The unions describe the bill as a “National Party attack on workplace rights.” It could not have progressed so far, however, without substantial backing from other quarters, including within the Labour-led coalition government itself.
While Labour has formally opposed Mapp’s anti-working class bill, it has allowed NZ First and United Future—its coalition allies—to throw their weight behind the legislation, without any censure or disruption of their working relationship. The modus operandi is clear: Clark has set up her right-wing allies to act as point-riders for unpopular initiatives that her government will then accommodate. When the EPMU, a key union supporter of the Labour Party, first announced in April it would launch “massive industrial protests” if the bill were not withdrawn, United Future leader Peter Dunne denounced the proposal as “industrial blackmail”, and said the union’s “bully-boy threats” would only strengthen United Future’s support for the bill.
Dunne then went on to declare; “This is not France where industrial legislation is decided by street rioting—this is New Zealand where these matters are decided by people making submissions to a select committee and by the people’s elected representatives in parliament.” His comments attracted no opposition within government circles, because he was simply articulating the contempt for the masses they all share.
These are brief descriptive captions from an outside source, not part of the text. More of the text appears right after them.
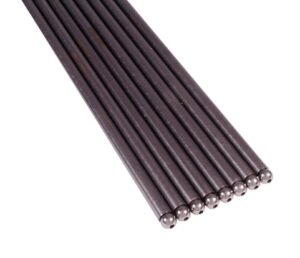 Heavy-Duty Steel Pushrod Set, 11.050" Heavy-Duty Steel Pushrod Set, 11.050"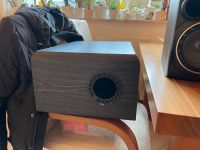 Jamo Subwoofer Sw 170 Bayern - Marktredwitz Vorschau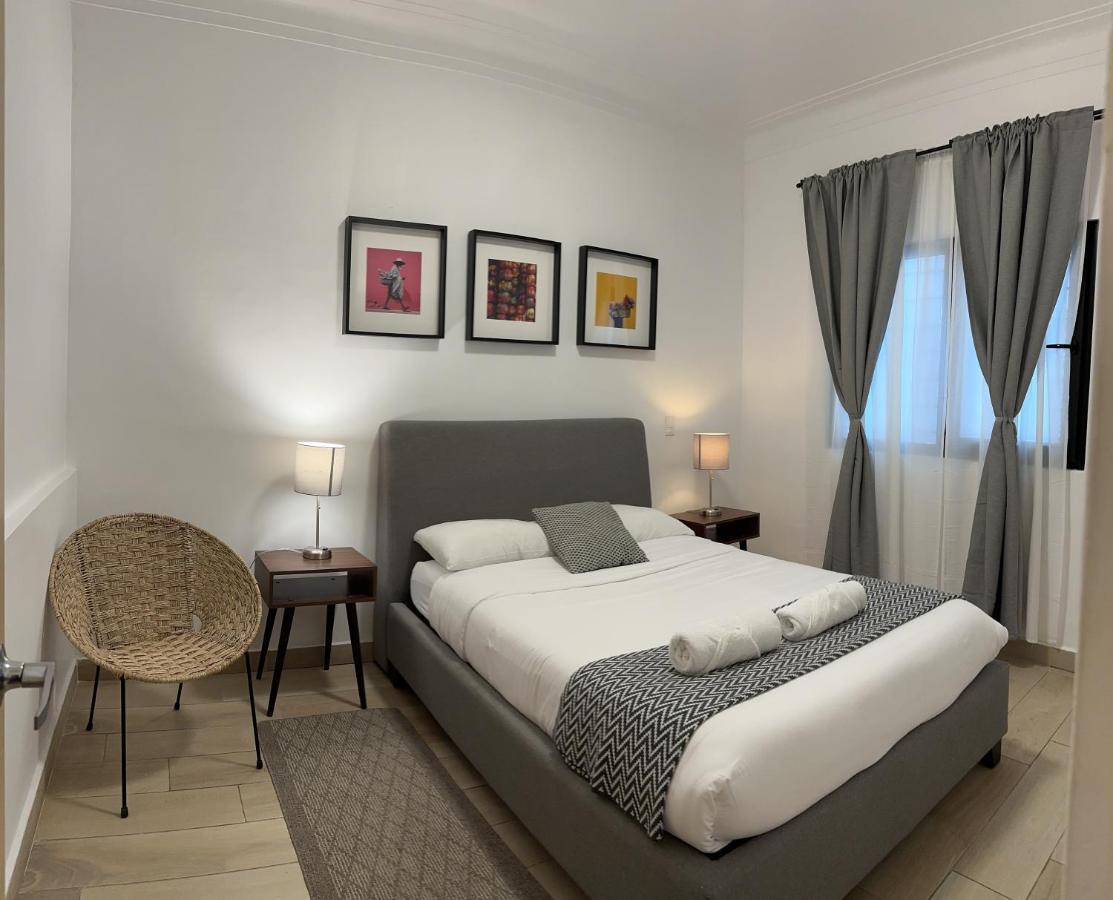 Apartmán Excellent Location Renovated Apt. Roma/Condesa 1 Ciudad de México Exteriér fotografie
It goes without saying that he and his fellow MPs will vote on the bill in spite of public sentiment—which is overwhelmingly opposed—not because of it.
Dunne need not worry. Notwithstanding its radical bluster about “massive industrial protests”, the labour bureaucracy can be relied upon to do everything in its power to prevent any mass popular mobilisation. The unions’ attitude to the basic rights and conditions of the working class is exemplified by a current posting on the CTU website. It boasts that of the more than 2,500 collective agreements in place, most were settled last year “without the need for industrial action”.
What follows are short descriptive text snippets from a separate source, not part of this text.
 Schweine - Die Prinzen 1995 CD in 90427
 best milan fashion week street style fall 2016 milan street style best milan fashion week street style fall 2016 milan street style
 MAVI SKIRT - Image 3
Recent Statistics NZ data showed only 66 work stoppages in the year to March—a period that has seen booming private sector profits and a widening gap between rich and poor. The CTU sees no problem with this situation, with president Ross Wilson recently declaring that for most workers, “strike action is not needed”. Little wonder that it has collaborated with Labour to ensure that the ERA outlaws strikes of a “political” nature, further undermining the ability of workers to challenge the current bill.
The unions have been preoccupied with making backroom deals in order to secure the parliamentary numbers to have the bill stopped. Their central focus has been the votes of the three Maori Party MPs, including co-leaders Tariana Turia and Pita Sharples, who supported the bill through its first reading. Their position was based on the claim that the destruction of workers’ rights is necessary to reduce the high unemployment rates among Maori.
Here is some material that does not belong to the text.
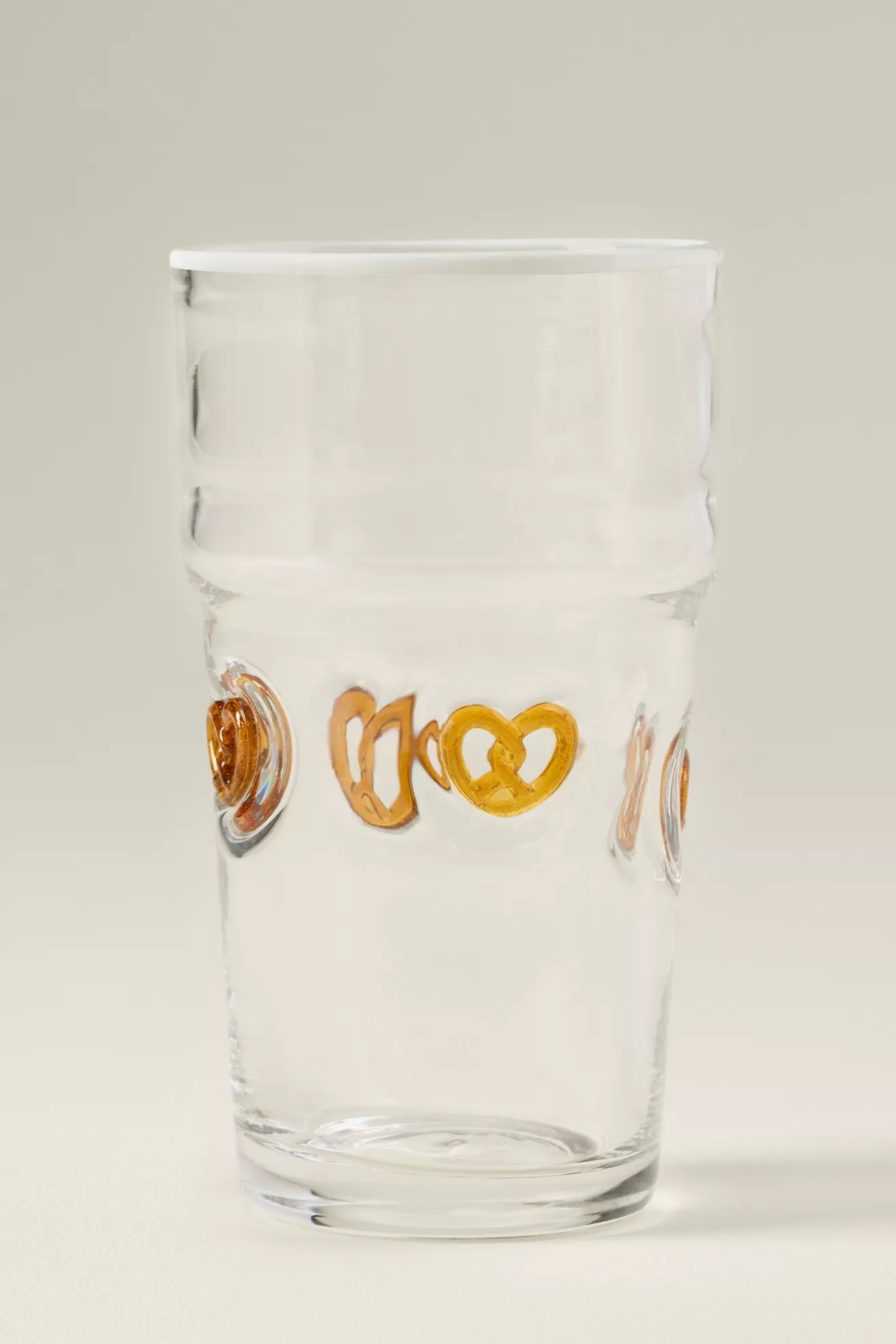 Fall Icon Tumbler Glass - thumbnail 2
Nothing could more clearly demonstrate the anti-working class character of the Maori Party itself, which has been assiduously promoted by the various middle class radical groups as a “left wing” formation ever since its leaders split with Labour prior to the 2005 election over Maori rights to the foreshore and seabed. The unions have calculated that, far from mobilising the working class, the best way to stop the legislation is to court favour with the Maori Party MPs.
The fact that Mapp’s probationary employment bill has already advanced so far through the parliamentary process is evidence of the unbridgeable gulf separating New Zealand’s entire official political establishment from the interests and rights of ordinary working people.